1. Field of the Invention
The present invention relates to a cathode ray tube, and more particularly, to a cathode ray tube with uniform brightness and much improved contrast for relieving visual discomfort of viewers.
2. Description of the Related Art
FIG. 1 is a diagram explaining the structure of an already-known color cathode ray tube.
Referring to FIG. 1, the conventional color cathode ray tube includes a front side glass panel 3, and a rear side glass funnel 2 welded to the panel 3. The panel 3 and the funnel 2 are welded to each other in a manner that their interior is under a vacuum, thereby forming a vacuum tube.
A fluorescent screen 7 is formed on the inside surface of the panel 3, and an electron gun 6 is mounted on a neck portion of the funnel 2 opposite to the fluorescent screen 7.

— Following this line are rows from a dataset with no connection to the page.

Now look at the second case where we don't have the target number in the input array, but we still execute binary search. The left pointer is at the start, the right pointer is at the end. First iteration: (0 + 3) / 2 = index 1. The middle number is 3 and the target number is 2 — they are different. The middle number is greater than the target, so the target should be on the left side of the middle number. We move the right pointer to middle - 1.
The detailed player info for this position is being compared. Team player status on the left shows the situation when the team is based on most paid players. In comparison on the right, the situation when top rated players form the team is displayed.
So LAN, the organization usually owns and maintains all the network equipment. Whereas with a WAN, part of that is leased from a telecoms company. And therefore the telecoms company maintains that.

A shadow mask 8 with a color selecting function is located between the fluorescent screen 7 and the electron gun 6, maintaining a predetermined distance from the fluorescent screen 7. The shadow mask 8 is supported by a mask frame 9. The mask frame 9 is elastically supported by a mask spring 1 and connected to a stud pin 4 to be supported to the panel 3.

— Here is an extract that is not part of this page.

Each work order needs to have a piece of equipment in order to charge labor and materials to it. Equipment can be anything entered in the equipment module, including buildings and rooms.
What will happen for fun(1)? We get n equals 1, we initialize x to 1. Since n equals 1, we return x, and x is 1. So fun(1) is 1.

The mask frame 9 is joined with an inner shield 11 made of a magnetic material to reduce the movement of an electron beam 5 due to an external magnetic field during operation of the cathode ray tube. A deflection yoke 13 for deflecting the electron beam 5 emitted from the electron gun 6 is mounted into a neck portion of the funnel 2. Also, a reinforcing band 10 is included in order to reinforce the front surface glass under the influence of the vacuum state inside the tube.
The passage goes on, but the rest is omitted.